<abigailclifton <at> me.com> writes:
> I am trying to fit a generalised linear model to some loan
> application and default data. The purpose of this is to eventually
> work out the probability an applicant will default.
> However, R seems to crash or die when I run "glm" on anything
> greater than a 5-way saturated model for my data.
What does "crash or die" mean? Are you getting error messages?
What are they? Is the R application actually quitting?
> My first question: is the best way to fit a generalised linear model
> in R to fit the saturated model and extract the significant terms
> only, or to start at the null model and to work up to the optimum
> one?
This is more of a statistical practice question than an R question.

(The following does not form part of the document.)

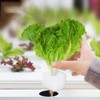 Hydroponic Growing Sponge, Vegetable Planting Sponge, Gardening Supplies, Hydroponic Cultivation,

Opinions differ but in general I would say if it is computationally
feasible that you should start (and maybe finish) with the
full model.
> I am importing a csv file with 3500 rows and 27 columns (3500x27 matrix).
> My second question: is there anyway to increase the memory
> I have so R can cope with more analysis?
help("Memory-limits")>
> I can send my code if it would help to answer the question.
Please read the posting guide (link at the bottom of every R-help
posting) and follow its advice. We don't know enough about your
situation to help. You could also try reading
http://tinyurl.com/reproducible-000 ...
This works for me:
z <- matrix(rnorm(3500*27),ncol=27)
y <- sample(0:1,replace=TRUE,size=3500)
colnames(z) <- c(letters,"A")
d <- data.frame(y=y,z)
gg <- glm(y~.,data=d,family="binomial")
gg <- glm(y~a*b*c*d*e*f*g*h,data=d,family="binomial")